IPIP: Data Onboarding via HTTP POST (and future ipfs:// POST|PUT)

lidel commented 2 years ago

Problem statement

HTTP Gateways are the most successful way for retrieving content-addressed data. Successful use of HTTP for retrieval use cases proves that IPFS does not replace HTTP, but augment it by providing variability and resiliency. IPFS over HTTP brings more value than the sum of its parts.

Removing the need for implementation specific RPC APIs (like one in Kubo) allowed not only faster adoption of CIDs on the web, but enabled alternative implementations of IPFS (like Iroh in Rust) to test compliance and benchmark thenselves against each other.
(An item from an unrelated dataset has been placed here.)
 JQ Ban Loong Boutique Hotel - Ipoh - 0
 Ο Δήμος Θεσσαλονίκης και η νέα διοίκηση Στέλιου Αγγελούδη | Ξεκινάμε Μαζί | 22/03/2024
While we have HTTP Gateways as a standard HTTP-based answer to the retrieval of data stored with IPFS (including verifiable application/vnd.ipld.raw and application/vnd.ipld.car responses), the data onboarding over HTTP is currently done with vendor-specific APIs.

The status quo at 2023 Q1 is pretty bad from the end user/developer’s perspective: every IPFS implementation, including online services providing storage and pinning services, exposes custom opinionated HTTP API for onboarding data to IPFS.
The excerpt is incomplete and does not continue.